Measurement of physical parameters

Body weight and height were measured with height and weight meter (Wuxi Weighing Apparatus Co., Ltd.). Waist and hip circumferences were measured at the umbilicus level and at the widest part of the hip, respectively, with a tape ruler. All data were rounded to the nearest millimeter.

Assessment of cognitive function

The MMSE and MoCA scales were wildly used to survey and evaluate the cognitive function of each subject in our previous study (An et al., 2018; Tao et al., 2019).MMSE scale is the most wildly used multi‐domain cognitive screening test containing 20 subtests (Folstein, Folstein, & McHugh, 1975). The total score of MMSE is 30 points, which is allocated to the five cognitive domains separately as following: 10 points for orientation, 6 points for memory, 5 points for computation, 6 points for language skills, 2 points for communication, 1 points for visual space ability. MocA scale was developed as the research increasing focused on prestage of dementia and the growing need for earlier diagnosis and management (Nasreddine et al., 2005). As another multi‐domain cognitive screening instrument, the total score of MoCA is also 30 points, which is allocated to the five cognitive domains separately as following: visual 5 points for space/execution ability, 3 points for naming, 6 points for attention, 3 points for language skills, 2 points for abstract thinking, 5 points for delayed recall and 6 points for orientation. The MMSE and MoCA questionnaires were carried out by trained physicians at community health service centers.

Plasma FAs profile determination

According to the method of our published study (Fan, Zhao, Ding, Xiao, & Ma, 2019), plasma FAs levels were measured by using fast gas chromatography (GC). Briefly, 100 μl of plasma sample was saponified by adding 100 μl eleven carbonate triglyceride and 1 ml KOH‐methanol solution; the mixed solution was then sealed with nitrogen and heated in a water bath at 60 ℃ for 10 min. After cooling down, the sample was esterified with boron trifluoride‐methanol reagent (at the same temperature for 40 min). Once the tubes were cooled, FA methyl esters were isolated by adding 1.5 ml of n‐hexane. 2 ml of saturated sodium chloride solution was then added. Finally, the tubes were centrifuged for 15 min at 3,000×g and dried with anhydrous sodium sulfate, and the clear n‐hexane top layer was transferred to an automatic injector vial.

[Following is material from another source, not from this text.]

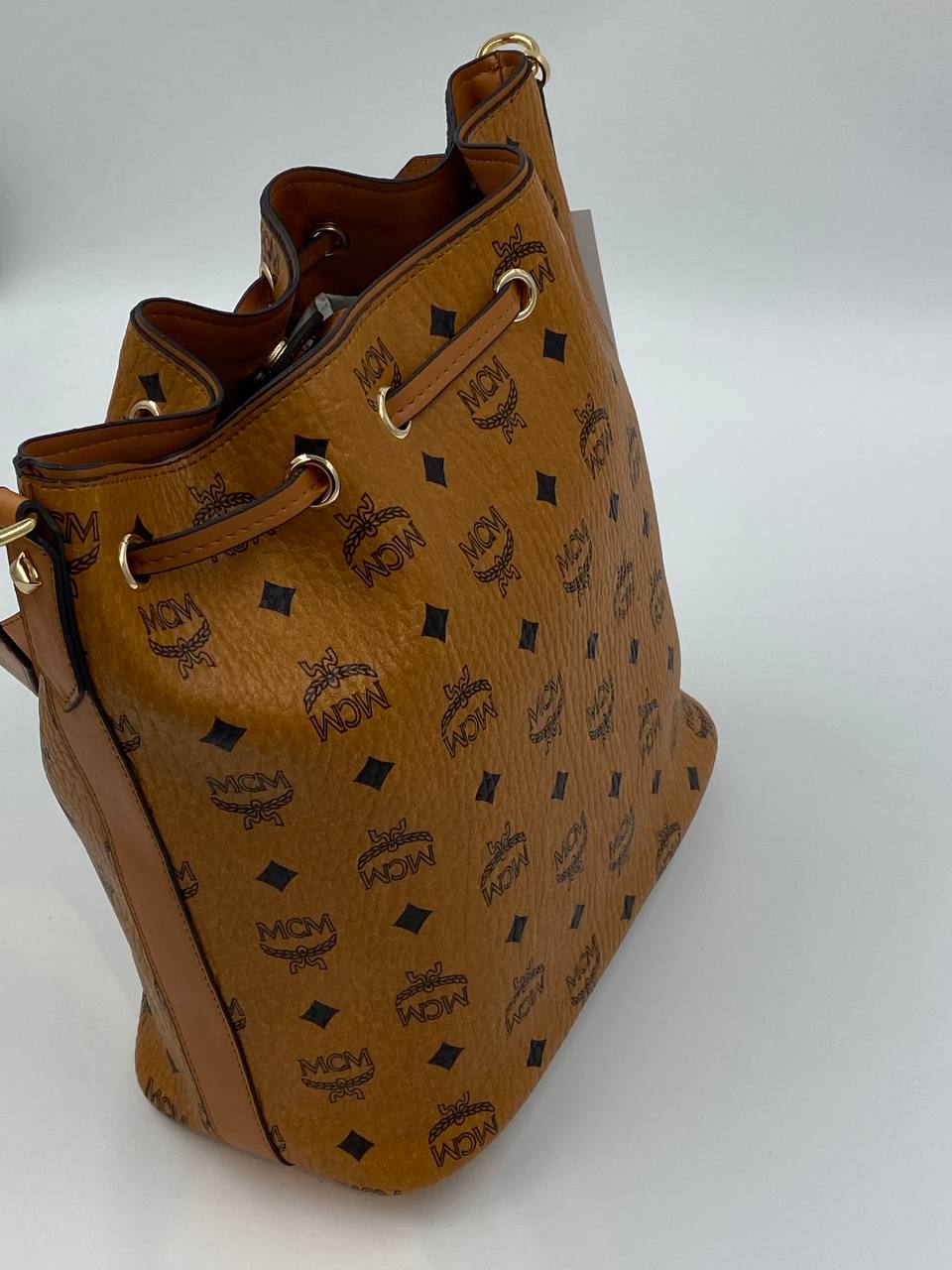 MCM Bucket Bag Cognac Visetos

Fast GC analyses were then performed on a Shimadzu GC‐2010 Gas Chromatograph (Shimadzu). The identities of sample methyl ester peaks were determined by comparing their relative retention times with those of well‐known FA methyl esters standards. Quantification was performed by using standard normalization.

Statistical analysis

The Epidata 3.1 software was used for questionnaire input, and SPSS 23.0 was used for data cleaning and statistical analyses. One‐way ANOVA analysis followed by (LSD) least significant difference or Dunnett T3 was used to compare the waist circumference, hip circumference, waist‐to‐hip ratio, and BMI across different BMI groups. The χ 2 test for categorical variables was used to compare the demographic characteristics, smoking, and drinking status. Rank transformation followed by one‐way ANOVA analysis was used to compare the differences of dietary nutrients intake and plasma FA composition across different BMI groups. Spearman rank correlation analysis was used to investigate the correlation between dietary FA intake and plasma FA composition and cognitive function. For all analyses, p < .05 was considered to be statistically significant.

RESULTS

Characteristics of the study population

The general characteristics of all 672 subjects were collected with unified questionnaires. The study cohort included 305 males (45.39%) and 367 females (54.61%). In addition, 331 (49.3%) subjects held a diploma from secondary school and above, 522 participants were nonsmokers (77.7%), and 464 people did not drink alcohol (69.0%). The basic characteristics of all participants were summarized in Table 1. There was no significant difference in age and smoking status among normal‐weight, overweight and obese subjects (both p > .05). However, significant differences were found in gender, education, alcohol drinking status, and disease history among the three groups (both p < .05). Compared to the normal‐weight group, the total MoCA scores of the overweight and obese groups were both significantly lower (p < .05), while there was no significant difference in the MMSE total score across the three weight groups or for gender (p > .05).
TABLE 1

General characteristic of subjects in normal‐weight, overweight and obese groups

Normal (n = 197)Overweight (n = 260)Obese (n = 215) p Value
MMSE score28.8 ± 1.528.6 ± 1.628.5 ± 1.8.112
MoCA score26.3 ± 2.325.7 ± 2.4* 25.7 ± 2.5* .008
Gender (%).026
Male24.342.633.1
Female33.535.431.1
Age (year)47.0 ± 7.349.2 ± 6.8* 48.9 ± 7.5* .004
Educational level (%).001
Primary and below18.052.030.0
Junior high school23.438.538.1
Senior high school and above36.336.926.9
Smoking (%).075
Yes22.041.336.7
No31.437.930.7
Drinking (%).001
Yes20.246.2* 33.7*
No33.435.331.3
Hypertension (%)<.001
Yes16.845.2* 37.9*
No33.436.630.0
Diabetes mellitus (%).016
Yes22.930.0* 47.1*
No30.039.830.2
Hyperlipidemia (%).002
Yes13.244.0* 42.8*
No31.637.930.4

Descriptive statistics were performed to estimate the distribution of gender, age, education, smoking and drinking status, mean waist circumference, hip circumference, waist‐to‐hip ratio, and BMI in all subjects. Data for waist circumference, hip circumference, waist‐to‐hip ratio, and BMI represent the mean ± SD of each group. One‐way ANOVA followed by LSD or Dunnett T3 was used to compare age, MMSE score, MoCA score. χ 2 test for categorical variables was used to compare the demographic characteristics, smoking, drinking, hypertension, diabetes mellitus, and hyperlipidemia.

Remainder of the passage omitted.